Aim of the exercise — Pictures stay out of the copy. Repeat exactly the lines from the first entry below through the line that contains "For the first", and nothing beyond.

Available data —
------------------------------------

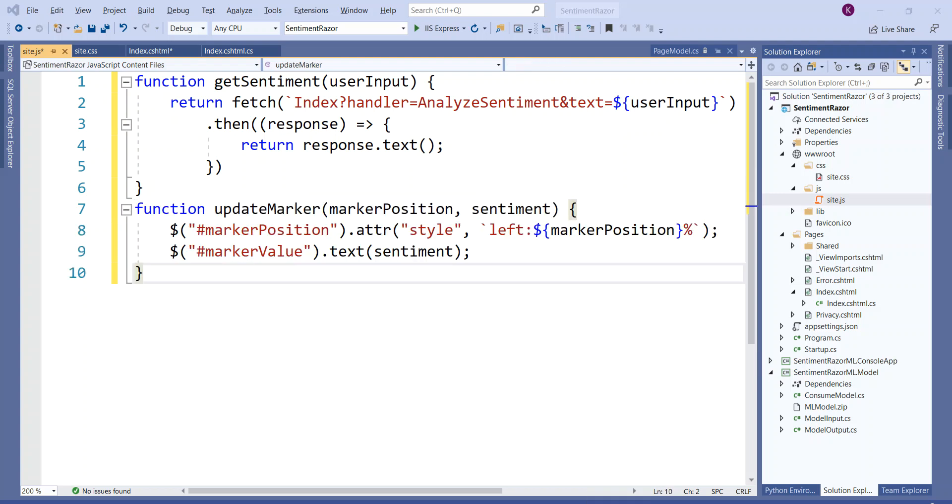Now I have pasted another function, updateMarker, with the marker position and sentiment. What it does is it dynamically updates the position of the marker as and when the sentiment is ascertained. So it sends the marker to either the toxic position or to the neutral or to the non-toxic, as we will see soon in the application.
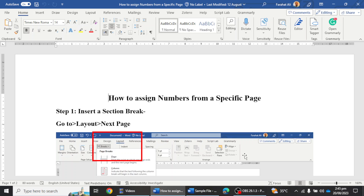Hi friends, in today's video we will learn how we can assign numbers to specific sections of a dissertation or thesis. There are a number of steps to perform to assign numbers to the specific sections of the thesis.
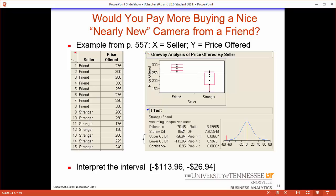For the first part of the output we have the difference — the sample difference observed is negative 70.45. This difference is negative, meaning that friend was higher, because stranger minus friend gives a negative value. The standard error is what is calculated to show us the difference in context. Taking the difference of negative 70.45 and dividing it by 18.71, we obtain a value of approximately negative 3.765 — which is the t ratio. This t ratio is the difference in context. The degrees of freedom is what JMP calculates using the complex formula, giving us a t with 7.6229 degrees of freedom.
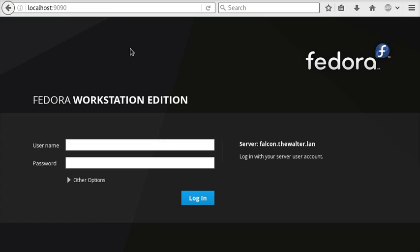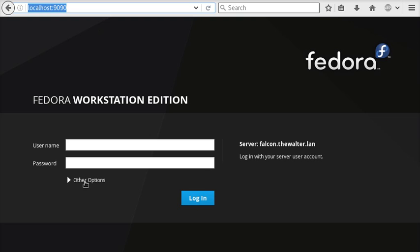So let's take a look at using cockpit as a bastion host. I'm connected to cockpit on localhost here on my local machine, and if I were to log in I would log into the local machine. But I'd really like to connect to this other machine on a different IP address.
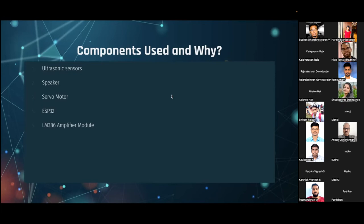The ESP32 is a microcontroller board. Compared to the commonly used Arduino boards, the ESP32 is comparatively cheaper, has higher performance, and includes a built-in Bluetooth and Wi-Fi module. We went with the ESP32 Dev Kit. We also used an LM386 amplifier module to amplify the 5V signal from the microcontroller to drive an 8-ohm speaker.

------------------------------------

Answer space —
Now I have pasted another function, updateMarker, with the marker position and sentiment. What it does is it dynamically updates the position of the marker as and when the sentiment is ascertained. So it sends the marker to either the toxic position or to the neutral or to the non-toxic, as we will see soon in the application.
Hi friends, in today's video we will learn how we can assign numbers to specific sections of a dissertation or thesis. There are a number of steps to perform to assign numbers to the specific sections of the thesis.
For the first part of the output we have the difference — the sample difference observed is negative 70.45. This difference is negative, meaning that friend was higher, because stranger minus friend gives a negative value. The standard error is what is calculated to show us the difference in context. Taking the difference of negative 70.45 and dividing it by 18.71, we obtain a value of approximately negative 3.765 — which is the t ratio. This t ratio is the difference in context. The degrees of freedom is what JMP calculates using the complex formula, giving us a t with 7.6229 degrees of freedom.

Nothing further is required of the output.